[Brief descriptive captions]
------------------------------------

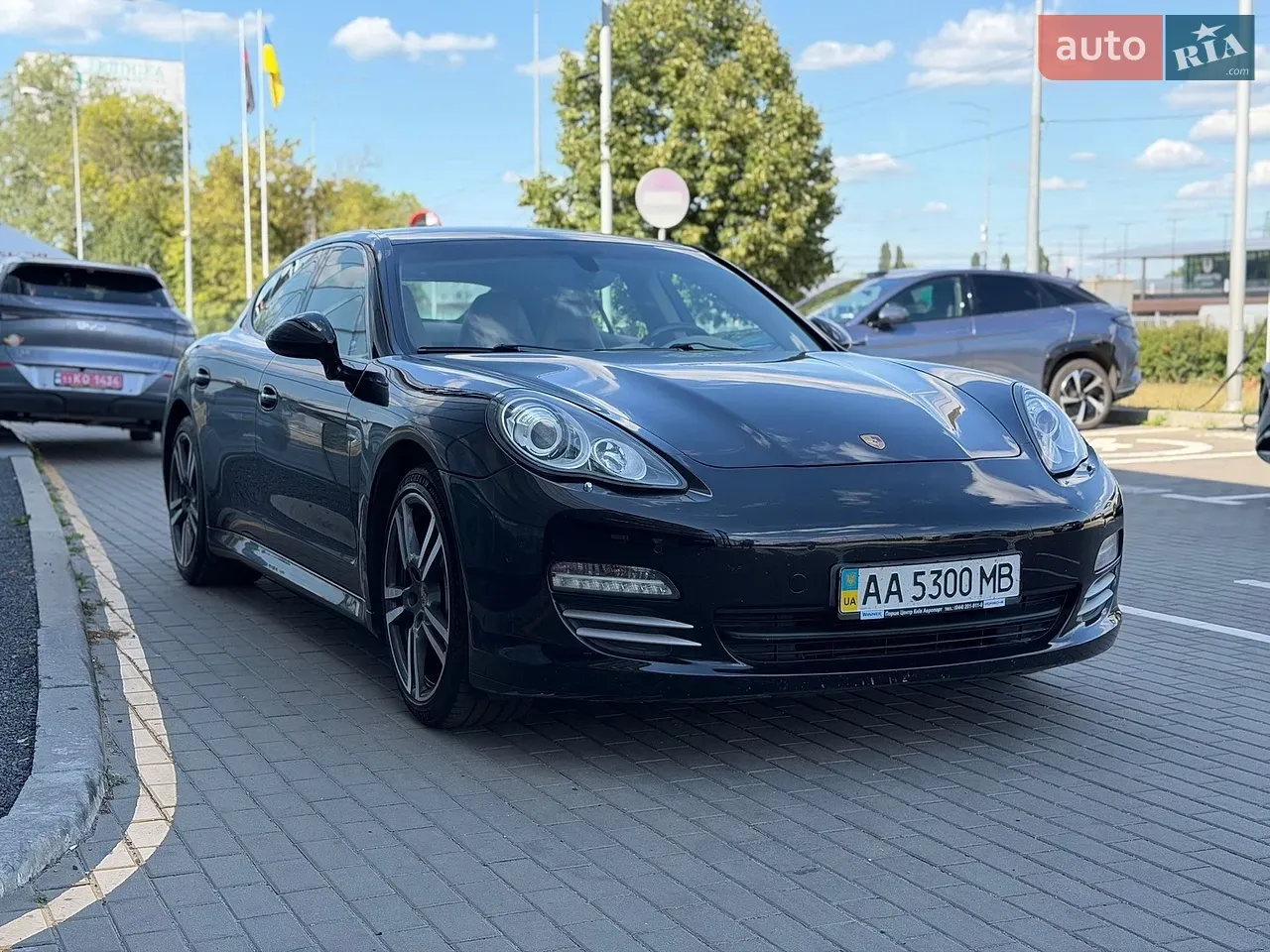 Porsche Panamera 2012 photo 3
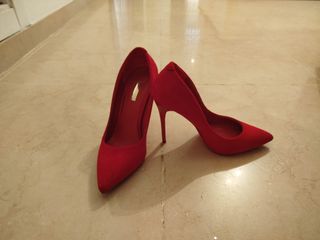 Zapatos de tacón rojo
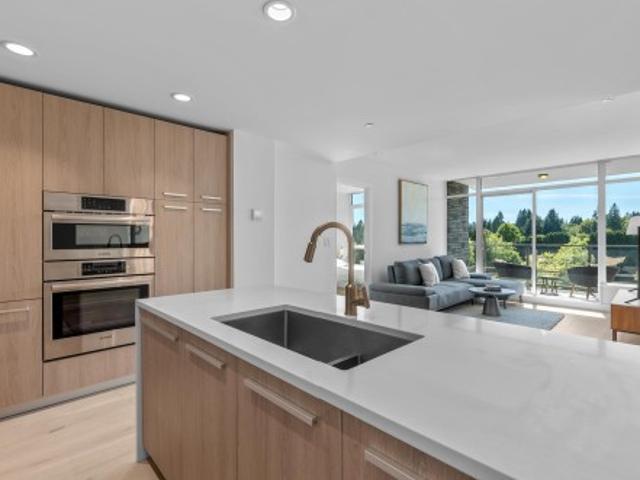404 121 Th Street E, North Vancouver, BC, V7J 0C5 Single Family Property For Sale | Listing ID R3139 | Royal LePage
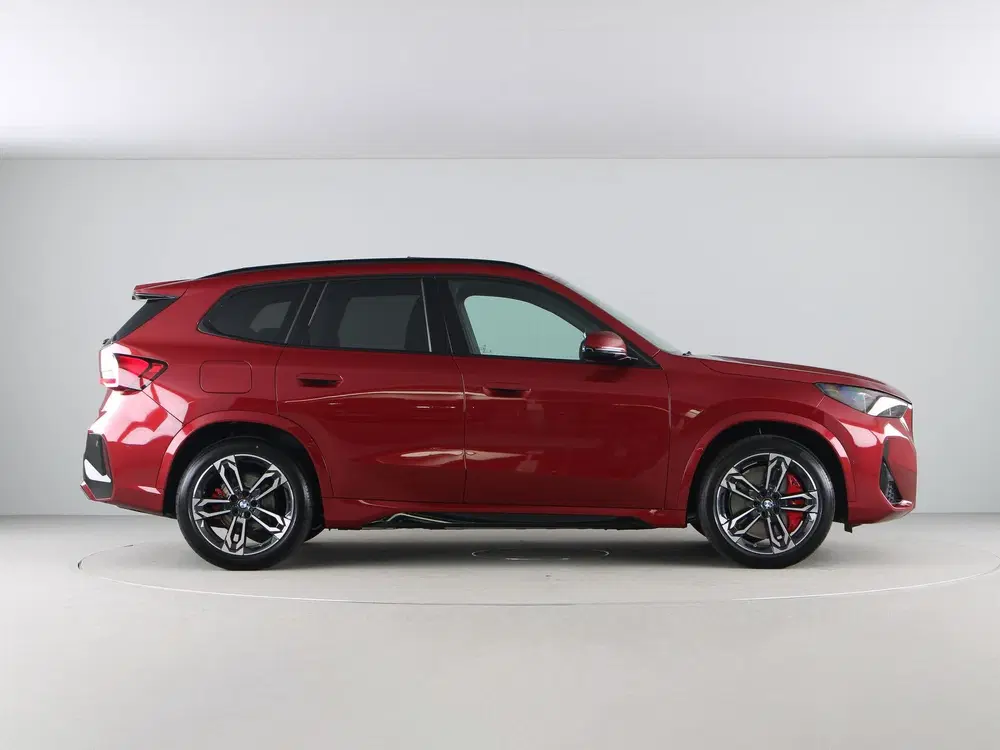 BMW iX1 eDrive20 67 kWh M Sport Edition (bj 2026 uit 2026, foto 4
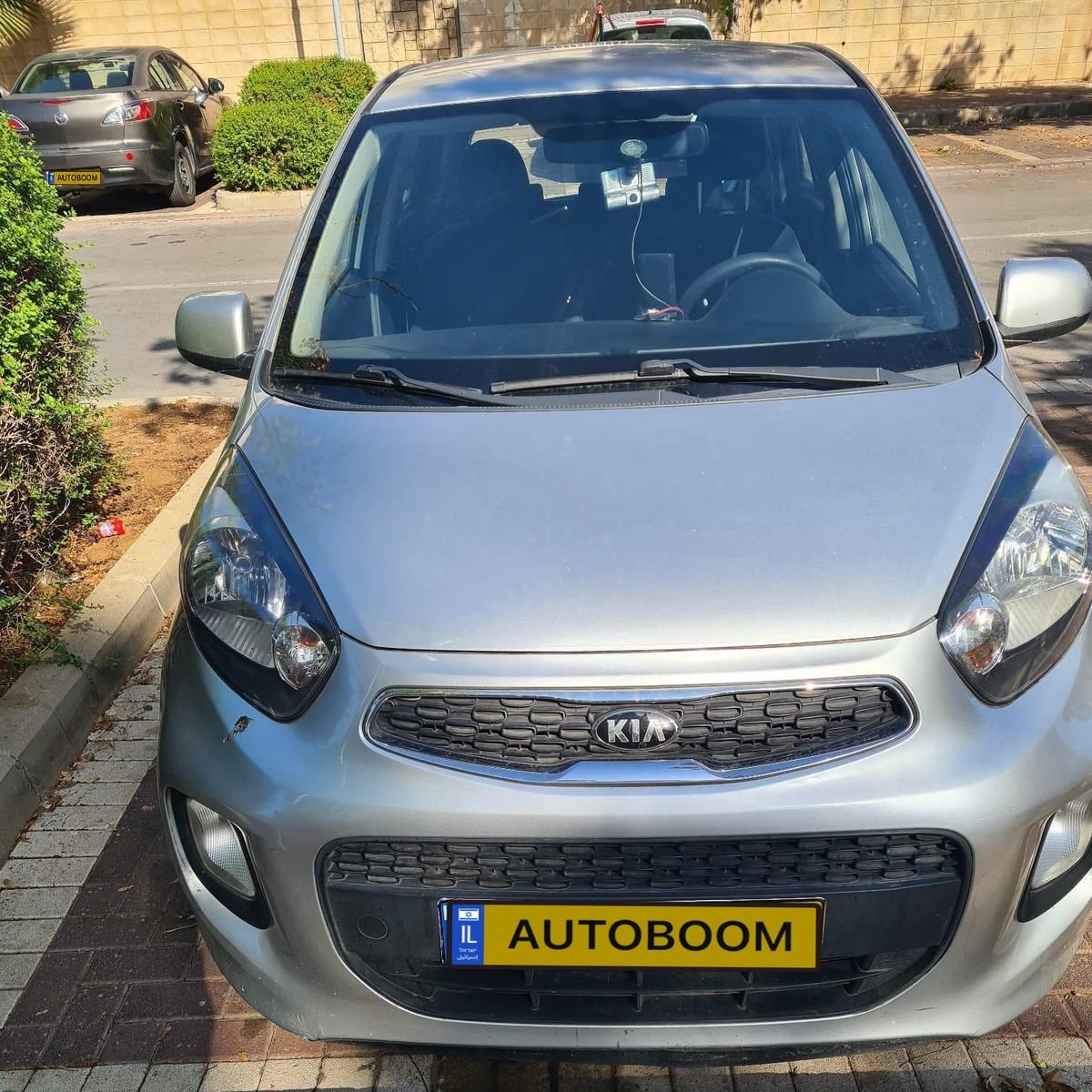 Kia Picanto 2016 LX silver automatic — Tel Aviv, Israel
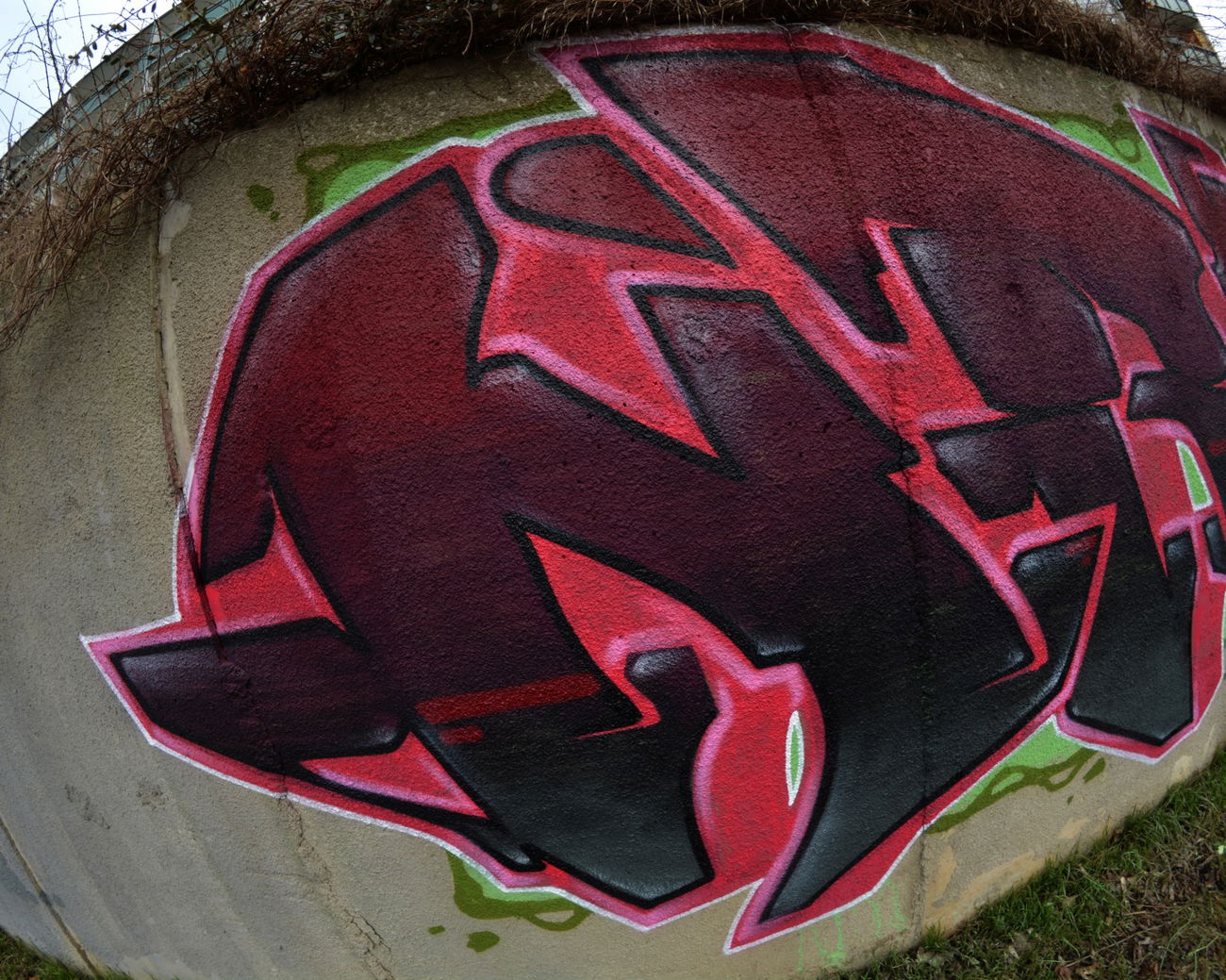 Graffiti Bombing - Photo by NOIIO3 - no2, nr2 (2017)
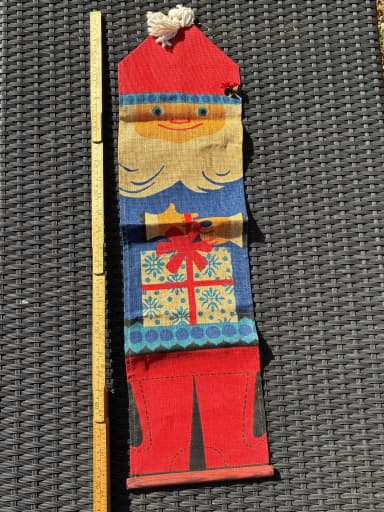 Jerry Roupe Retro-Weihnachtswandbehang aus Jute mit Weihnachtsmann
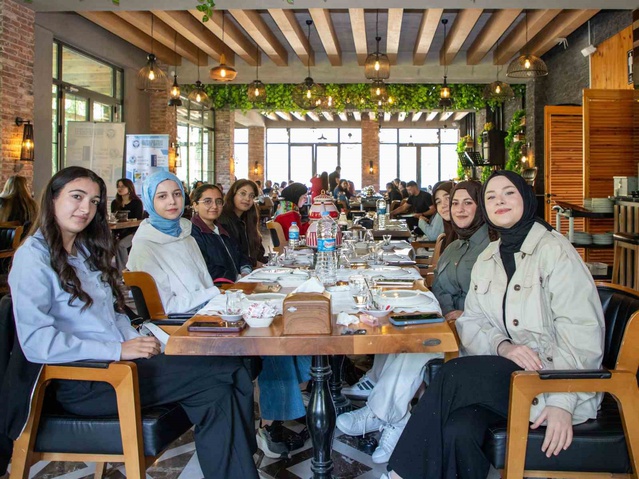 Eczacılık öğrencileri, EBYÜ Rektörü Kuyrukluyıldız ile tanışma kahvaltısında buluştu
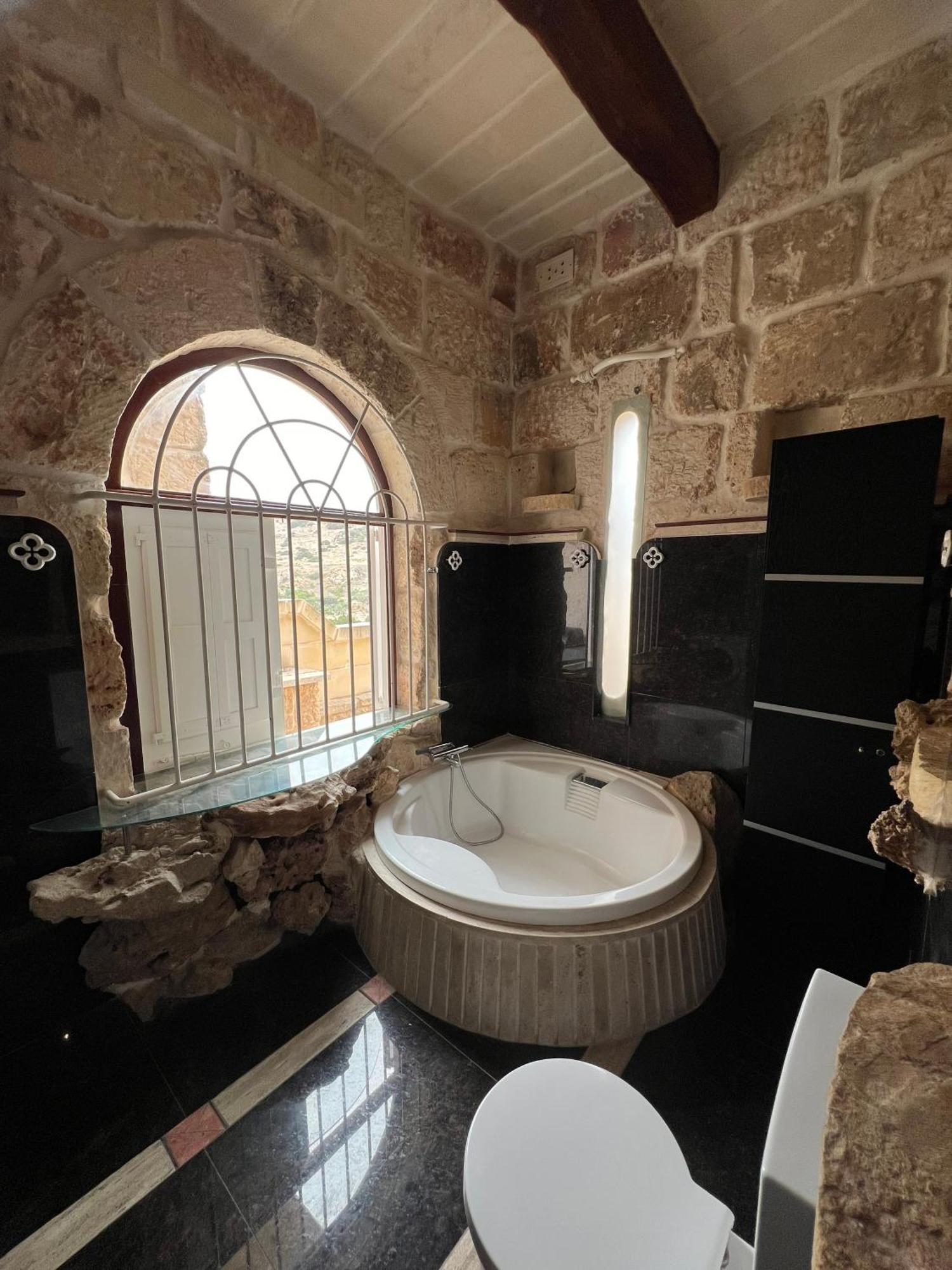 Traditional Maltese Home By Ma Properties Сейнт Полс Бей Екстериор снимка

------------------------------------

* PROBLEM TO SOLVE:
Only the lines from the one with "Graffiti Bombing - Photo" through the final line of the data should be written out, exactly and including both ends. Skip the pictures.

* FINAL ANSWER:
 Graffiti Bombing - Photo by NOIIO3 - no2, nr2 (2017)
 Jerry Roupe Retro-Weihnachtswandbehang aus Jute mit Weihnachtsmann
 Eczacılık öğrencileri, EBYÜ Rektörü Kuyrukluyıldız ile tanışma kahvaltısında buluştu
 Traditional Maltese Home By Ma Properties Сейнт Полс Бей Екстериор снимка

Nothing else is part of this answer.